#### RECORDS SHOWN:
__________________________________________________
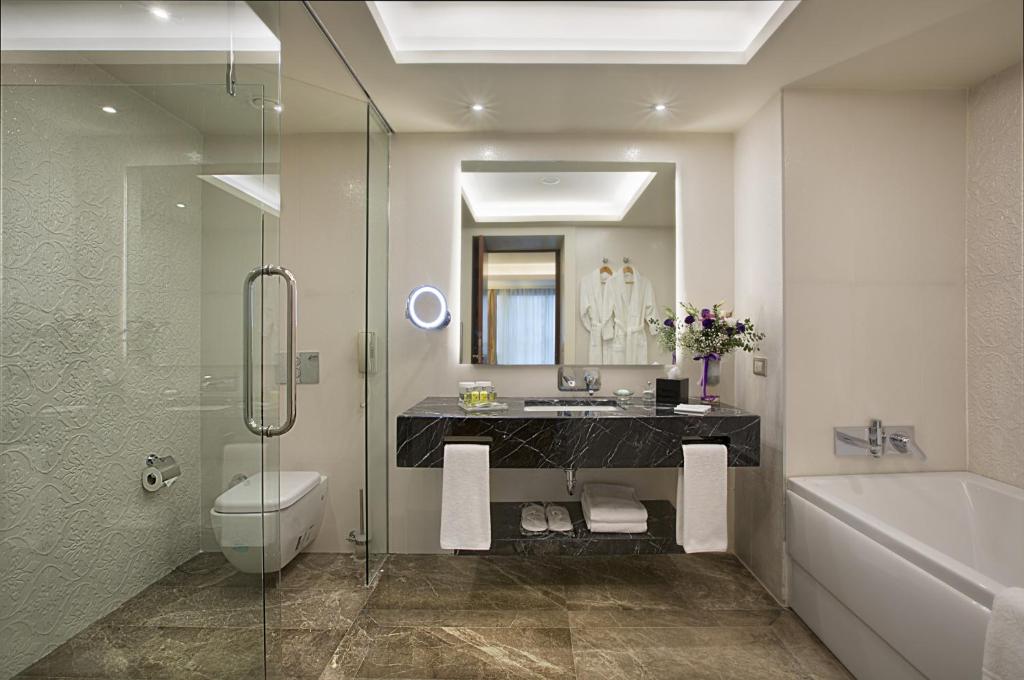 Dedeman Bostanci Istanbul Hotel & Convention Center - image 4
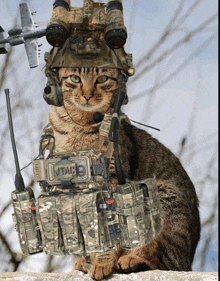 a cat is wearing a helmet and a vest that says jtag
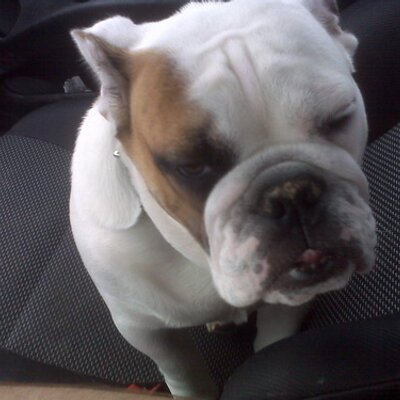 Profile Picture of James DiRosa (@jdirosa) on Twitter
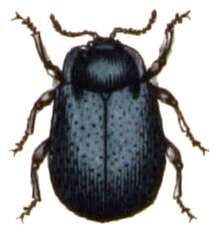 صورة Phaedon (Phaedon) armoraciae (Linnaeus 1758)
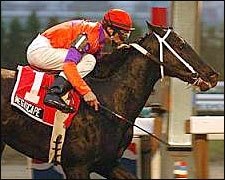 Asmussen, Megascape Click in Valley Stream Asmussen, Megascape Click in Valley Stream
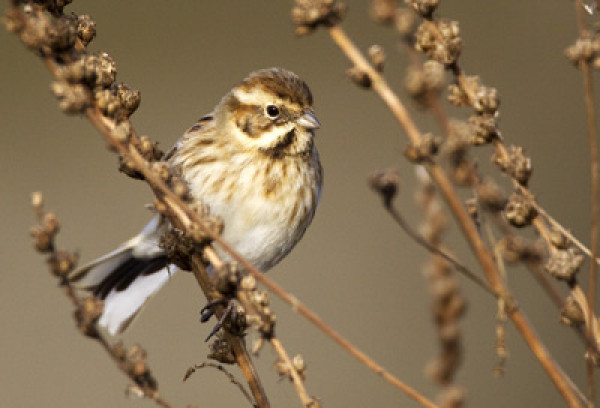 Reed Bunting. Photograph by Liz Cutting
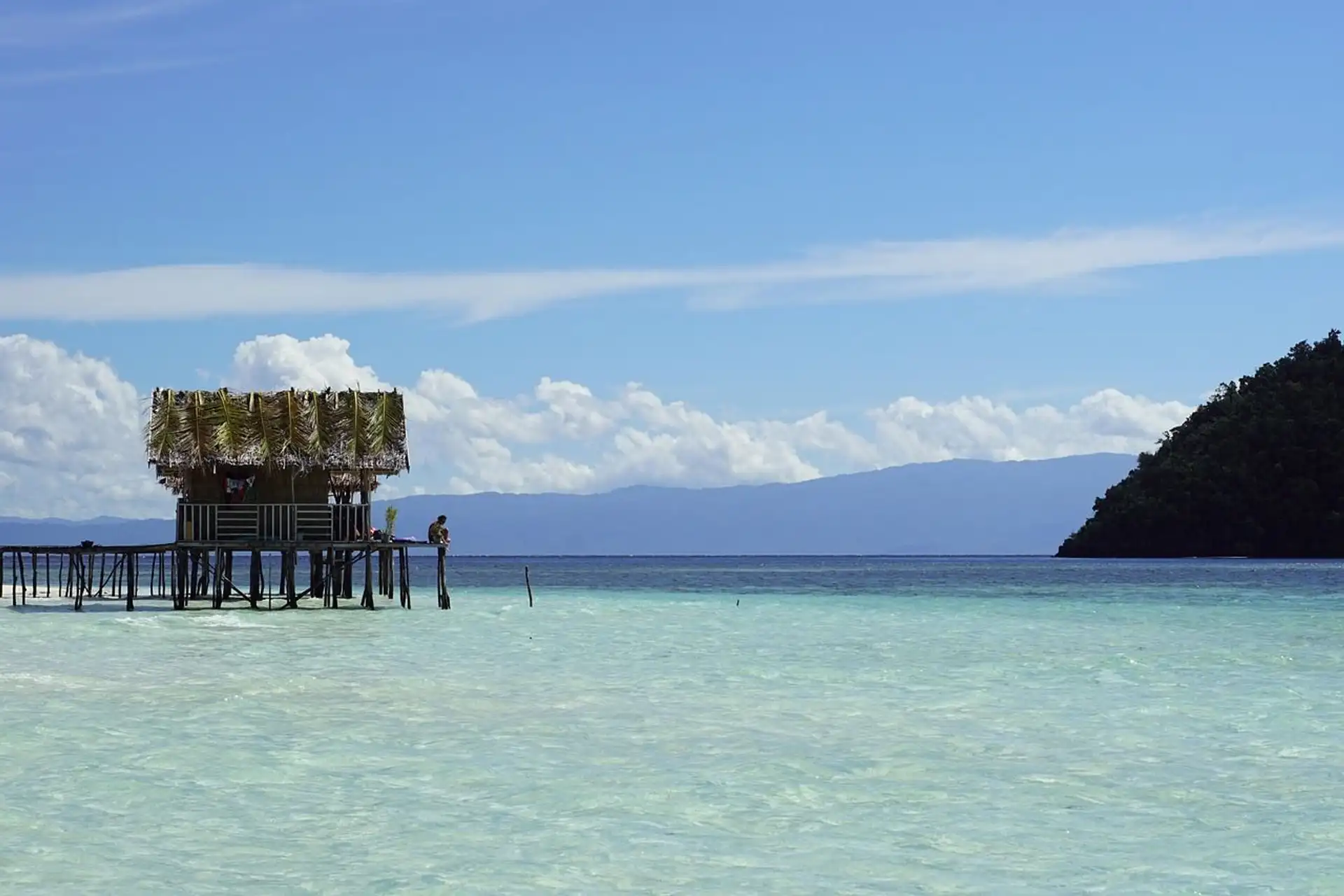Plage et eaux turquoises de Raja Ampat en indonésiee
__________________________________________________
#### ASSIGNED TASK:
Your task is to reproduce the entries above word for word, from the first line through the line with "صورة Phaedon (Phaedon)", and please leave out any pictures.

#### SOLUTION TO THIS EXERCISE:
 Dedeman Bostanci Istanbul Hotel & Convention Center - image 4
 a cat is wearing a helmet and a vest that says jtag
 Profile Picture of James DiRosa (@jdirosa) on Twitter
 صورة Phaedon (Phaedon) armoraciae (Linnaeus 1758)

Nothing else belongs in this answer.